=== The task ===
Report the count of lines below that include "Cloud", without any other text.

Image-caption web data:
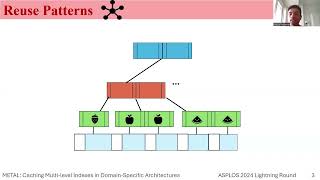 ASPLOS24  Lightning Talks  Session 8B  METAL Caching Multi level Indexes in Domain Specific Arc [upl. by Clim167]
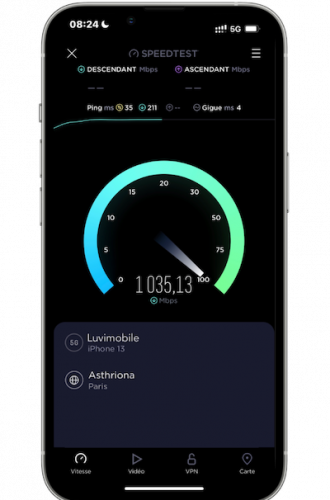 speed test forfait Luvimobile réseau 4G 5G Orange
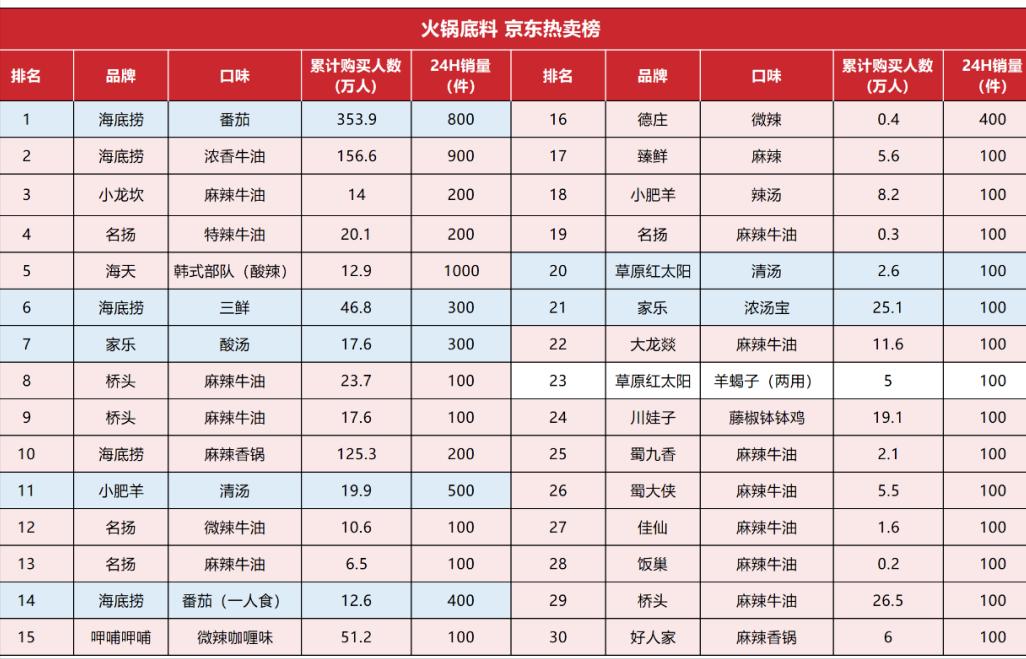 他被称为“东方亨氏”，澄明如何用1年创造3亿销量的商业神话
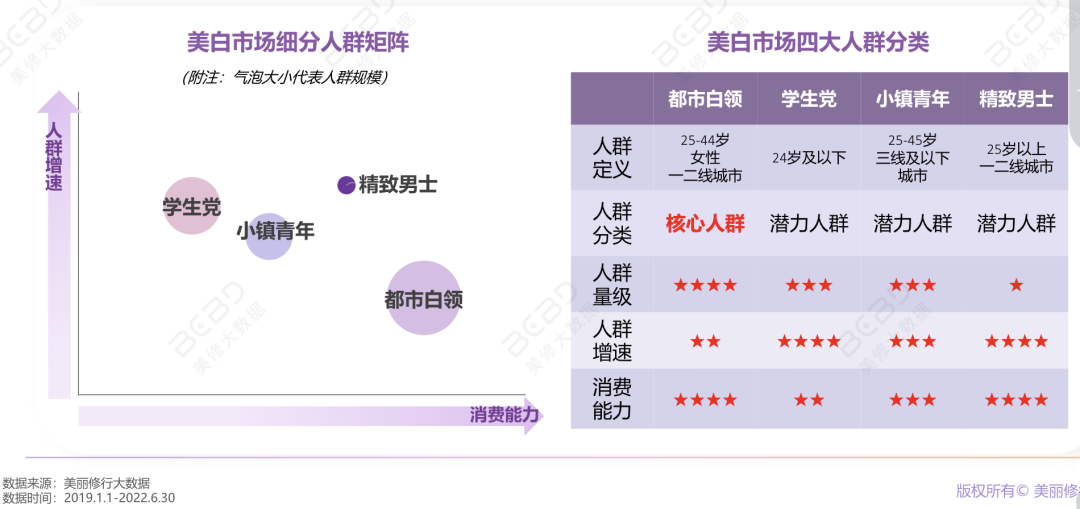 从撤柜危机到双11增长超460%，OLAY如何借直播实现逆风翻盘？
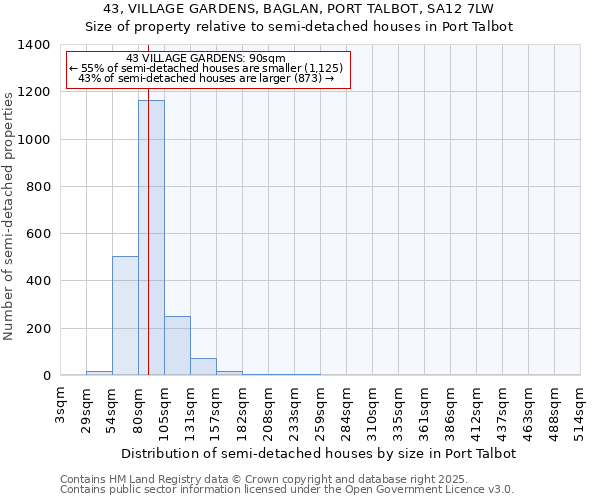 43, VILLAGE GARDENS, BAGLAN, PORT TALBOT, SA12 7LW: Size of property relative to semi-detached houses houses in Port Talbot
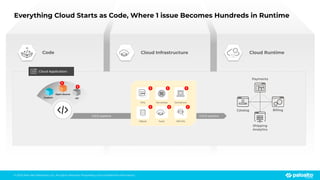 © 2023 Palo Alto Networks, Inc. All rights reserved. Proprietary and conﬁdential information.
Everything Cloud Starts as Code, Where 1 issue Becomes Hundreds in Runtime
Cloud Infrastructure
Code Cloud Runtime
Payments
Catalog
Shipping
Analytics
Billing
Custom
Open Source
IaC
CI/CD pipeline CI/CD pipeline
VMs Containers
Serverless
PaaS
DBaaS Identity
Cloud Application
!
!
! ! !
! ! !
 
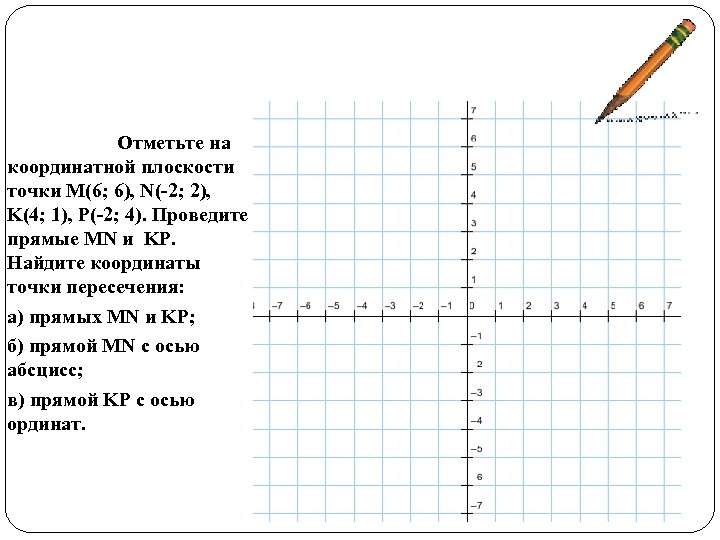 Отметьте на координатной плоскости точку м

=== Result of this task ===
4